MediaTech Law


We’ve Updated our Terms of Use!

Why are they sending me this information, and what am I supposed to do with it? You’ve just received an email like the one below from Uber, or from one of your various subscription services, credit card companies, banks, ISPs or any of a zillion different web applications:

SUBJECT: We’ve Updated our Terms of Use

Hi Andrew, we’ve been able to bring Uber to more than 400 cities in 72 countries. And that’s in just a little over 6 years. In light of that growth and some changes to our services, we’ve made some updates to our US Terms of Use

They have your attention. You sit up alert in your chair, you rub your eyes and read on. The company then sometimes offers a summary of the changes, often in as cheery and euphemistic a way as possible, with statements like “We revised our arbitration agreement which explains how legal disputes are handled”, or “We have updated our Terms of Use regarding the ways in which we may contact you.” All, no doubt, good things.
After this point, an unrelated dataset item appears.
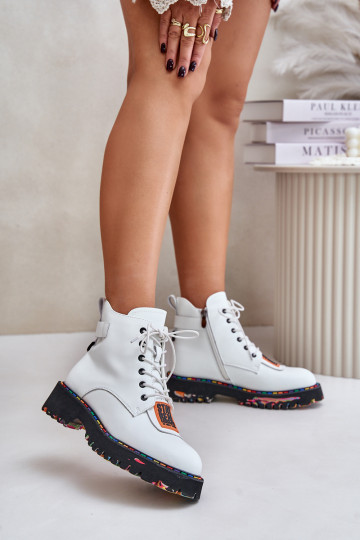 Leer Laarzen schoenen Dames Opar het kasteel Artiker 55C0515 Initte kleur 2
Turns out, noone actually reads these updates. That last sentence is not meant as sarcasm. The non-partisan Stanley Roper Polling Organization actually published a study that concluded “Noone actually reads these updates.” Editor’s Note: There is no such organization and there was no such study. Evidently. Although Andrea Peterson reports in The Washington Post about a 2008 study (about privacy policies) that concluded “it would take a staggering 244 hours a year for the average American to read the privacy policies of every site they visit over the course of a year.”

But everyone knows that noone reads these updates. Just like everyone knows that noone knows how to spell “yarmulke”. Or understands the icing rule in hockey.

There was a series of cases in the earlier part of this century where aggrieved individuals challenged websites’ right to unilaterally change Terms of Use, including cases where no change had actually been made but the Terms of Use gave the website the unilateral right to do so anyway.

Eric Goldman wrote about this subject back in 2009, discussing a case involving the now-defunct Blockbuster video rental business. Blockbuster’s terms gave Blockbuster the right to “modify these Terms and Conditions of Use, including without limitation the Privacy Policy, with or without notice. Such modifications will be effective immediately upon posting.” And:

You agree to review these Terms and Conditions of Use periodically and your continued use of this Site following such modifications will indicate your acceptance of these modified Terms and Conditions of Use. If you do not agree to any modification of these Terms and Conditions of Use, you must immediately stop using this Site.

A federal court in Texas found a problem with this clause, because not only could Blockbuster change the contract at any time unilaterally but could do so without notice. Actually, it was the “without notice” part that was the only real problem. You might think – and Professor Goldman hints – that a contract that can be unilaterally changed by a party isn’t really a “contract” in the sense of an agreement evidencing mutual assent. Or in other words, if you’re agreeing to a contract that the other side can change at any time and in any way they see fit, you’re really not agreeing to anything at all. So you wouldn’t have a binding contract.

But contracts include unilateral permissions all the time, of all kinds, all authorized (and enforceable) by the initial mutual agreement of the parties to enter into the agreement in the first place. Under that theory, a mutual agreement that one party can unilaterally change the contract might itself be enforceable – the academic nerdiness of this argument leads to migraines – although with Blockbuster the breadth of the unilateral grant was too much for the judge.

The Blockbuster case involved simply a dispute over enforceability of Blockbuster’s mandatory arbitration clause, which the judge called “illusory” and thus not enforceable. Not because of anything inherently wrong with mandatory arbitration clauses, but because of Blockbuster’s ability to unilaterally change the terms without notice.

Logan Koepke writes in Medium about “browsewrap agreements” where, as Koepke puts it, “continued use = assent/agreement to the new terms”, after the user agreed to the original terms during site registration. Koepke refers to the Rodman v. Safeway case, a 2014 decision of the federal court for the Northern District of California. As with Blockbuster, Safeway sought to enforce revised terms based on rights to make unilateral changes “with or without notice”. Safeway in fact did so in this case without notice, which led the court to refuse enforcement. Koepke writes, “The Court, thankfully, doesn’t look too kindly upon this new contractual arrangement, arguing that it creates the expectation for ‘consumers to spend time inspecting a contract they have no reason to believe has been changed’ and that ‘the imposition of such an onerous requirement on consumers would be particularly lopsided.’”

Once again, though, the problem was lack of notice, not necessarily the substance of the changes themselves. So one might think that the fix for companies is to simply require (and provide) notice of changes to Terms of Use. And that is probably right, except for the major point that substantive contract law still applies. Juliet Moringiello and John Ottaviani write in the American Bar Association’s Business Law Today about applications of enforcement concepts from traditional offline consumer contracts to evaluating modifications to online contracts, a topic we will address soon in a separate post.